A prompt from my new book of writing suggestions that I find quite provocative invites me to write about the meanest thing anyone has ever said to me. It’s not a bit difficult to remember but what is more important is the fact that I can’t remember too many mean things in my past.

Years ago, I was one of those who thought they would find companionship or happiness or the love of my life by means of a dating site. This was one of those first meetings that took place in a French restaurant not far from downtown Denver. We had spoken several times and finally met.

The lunch was nondescript and my recollection (this was about twenty years ago) was that it ended quickly. As we walked out to our respective cars, this was the statement made by this entirely unimpressive gentleman: “I just want you to know that you misrepresented yourself. First of all, you’re not very attractive. Secondly, you said that you were slightly overweight when in fact you are seriously overweight.”

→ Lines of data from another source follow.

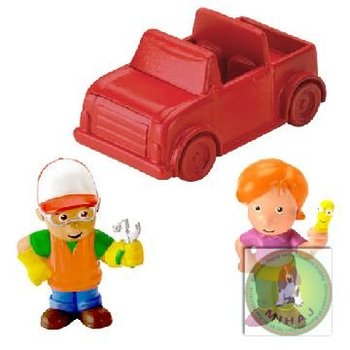 * Fisher Price Handy Manny Mistr M4844 FP M4846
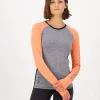 Bella Merino Long Sleeve - Grey Heather / Punch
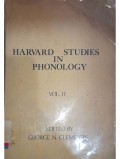 Harvard studies in phonology Vol. II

It’s easy to think of perfect responses, some of which don’t include obscenities. It’s pretty sad that I remember it as clearly as I do because the ultimate response would be to have forgotten what he said. As I remember, my answer was something along these lines: “It’s probably difficult to be as perfect as you think you are. Glad that we didn’t waste more time than a lunch.”

The prompt is quite a good one, primarily because it teaches us about words that hurt and the ability we have to deposit good into the universe rather than ugliness. From here, I’m of the opinion that he had a multitude of things that he could have said. “I don’t think that we are suited for each other. Thank you for your company – I don’t believe that I am the companion you are seeking.” There are probably twenty others.

When it’s possible, I believe that we all have the imperative to suppress meanness or reckless statements. This man neither considered nor cared about the effects his statement would have. Happily, I was successful at placing him in the past (except for his remarks) as quickly as his words deserved. Shalom.